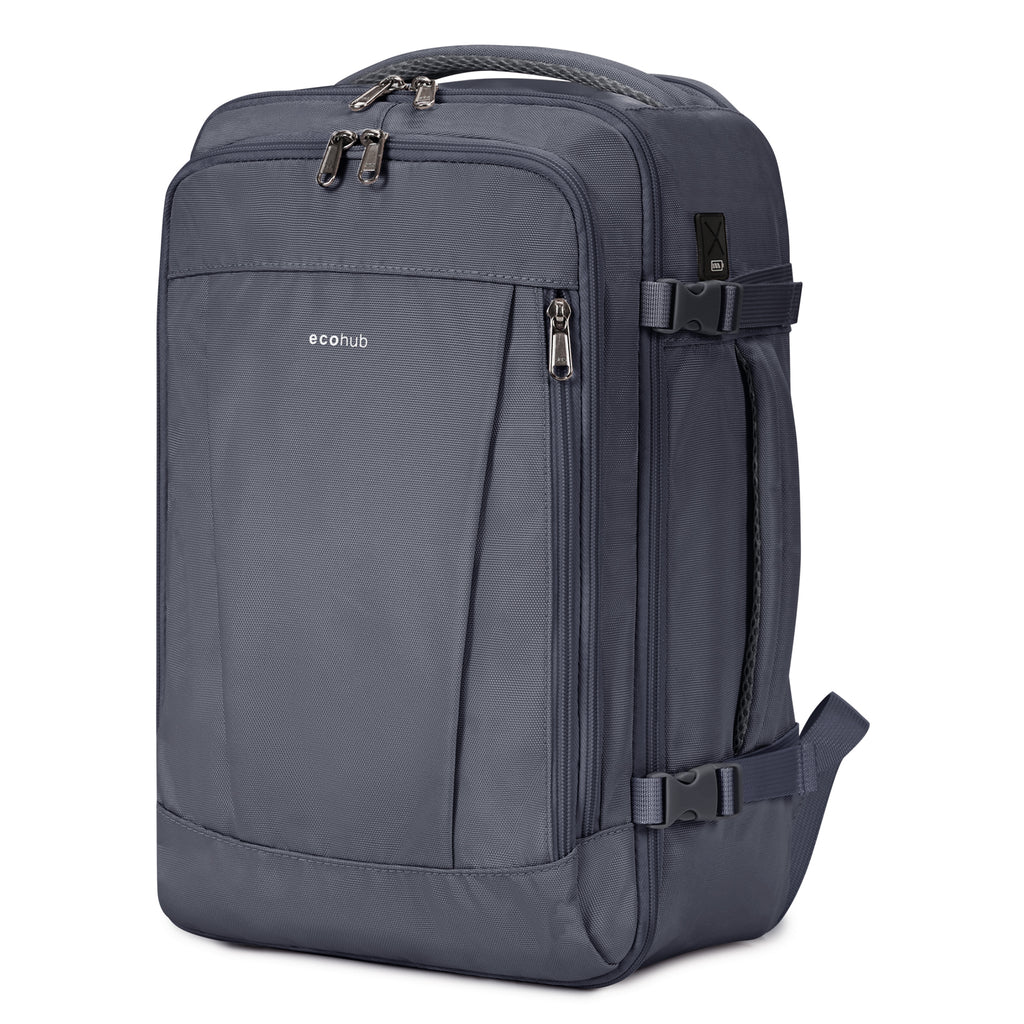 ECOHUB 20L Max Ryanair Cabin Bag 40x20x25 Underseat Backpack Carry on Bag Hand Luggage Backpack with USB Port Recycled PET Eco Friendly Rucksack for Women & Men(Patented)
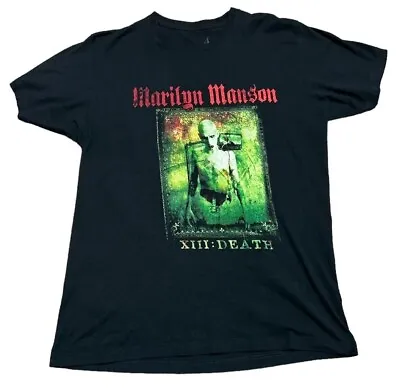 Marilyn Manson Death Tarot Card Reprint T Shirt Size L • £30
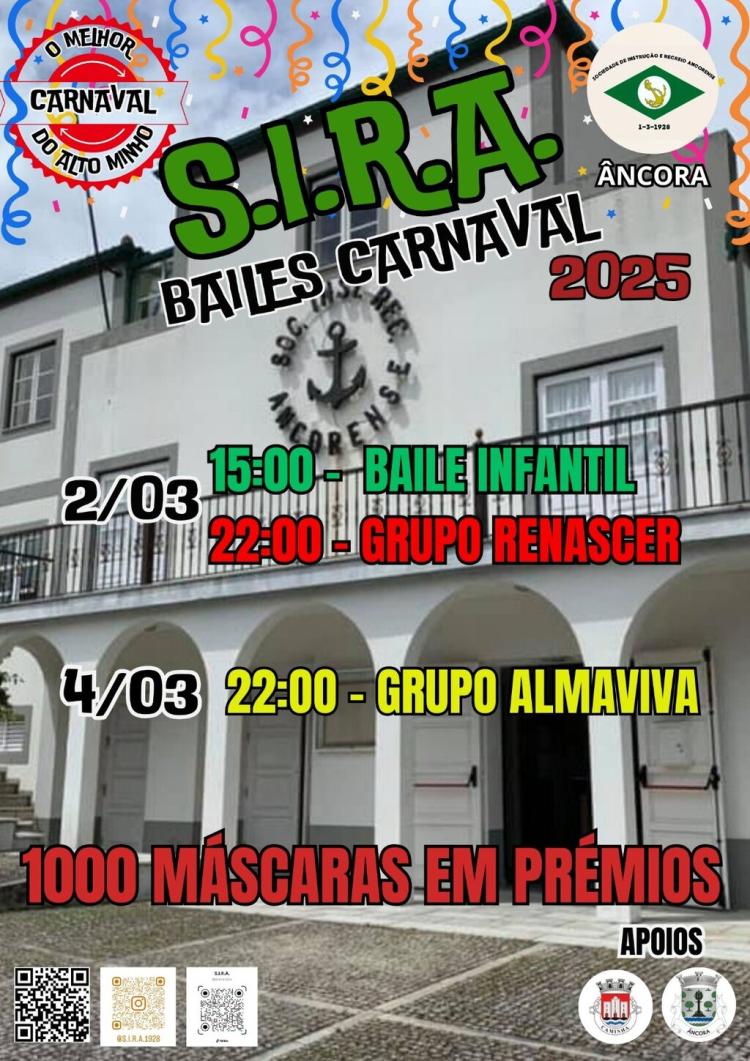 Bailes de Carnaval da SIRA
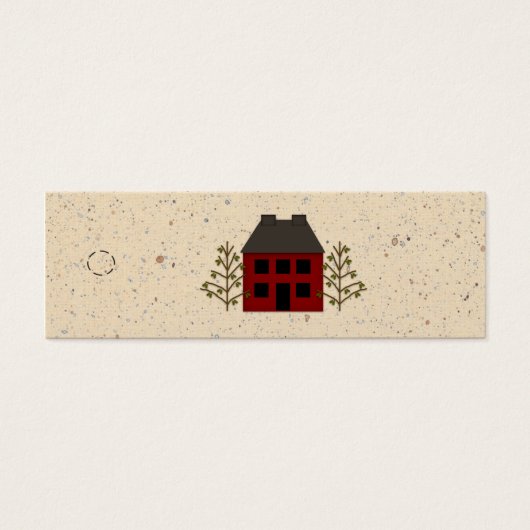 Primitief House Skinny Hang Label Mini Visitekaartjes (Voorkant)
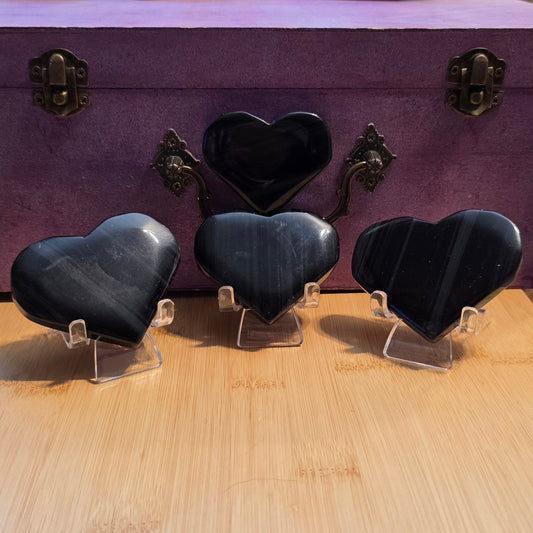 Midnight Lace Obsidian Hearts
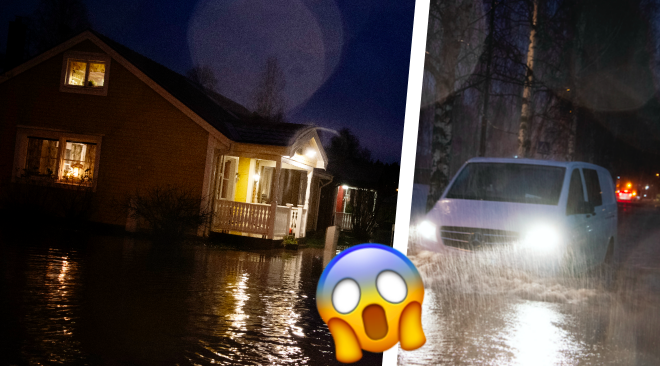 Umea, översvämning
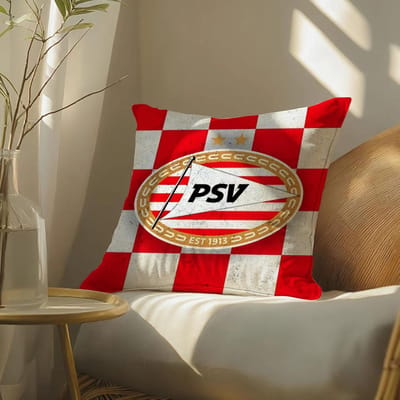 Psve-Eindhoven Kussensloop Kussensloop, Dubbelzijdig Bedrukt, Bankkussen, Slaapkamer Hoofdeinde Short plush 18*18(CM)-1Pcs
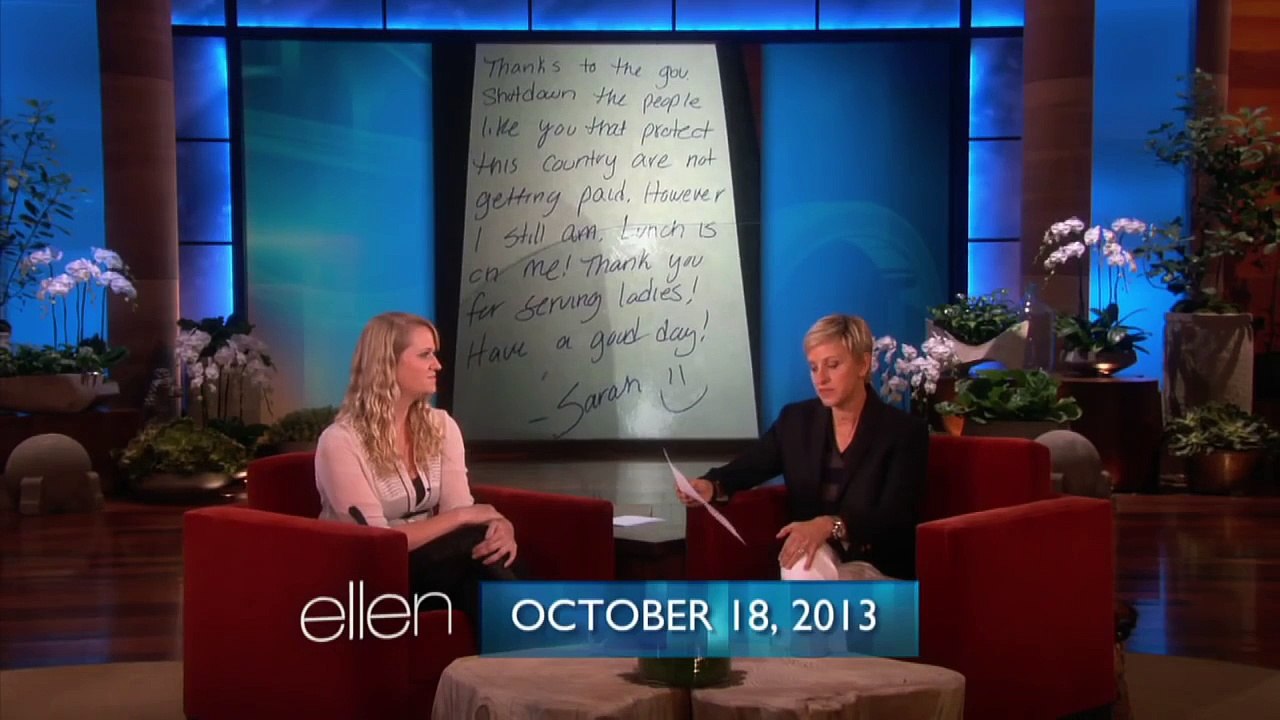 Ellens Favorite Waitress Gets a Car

────────────────────

▶ EXERCISE REQUIREMENTS:
Reproduce the lines from the line with "Primitief House Skinny" through the last line of the entries exactly, including both ends and excluding pictures.

▶ THE ANSWER:
 Primitief House Skinny Hang Label Mini Visitekaartjes (Voorkant)
 Midnight Lace Obsidian Hearts
 Umea, översvämning
 Psve-Eindhoven Kussensloop Kussensloop, Dubbelzijdig Bedrukt, Bankkussen, Slaapkamer Hoofdeinde Short plush 18*18(CM)-1Pcs
 Ellens Favorite Waitress Gets a Car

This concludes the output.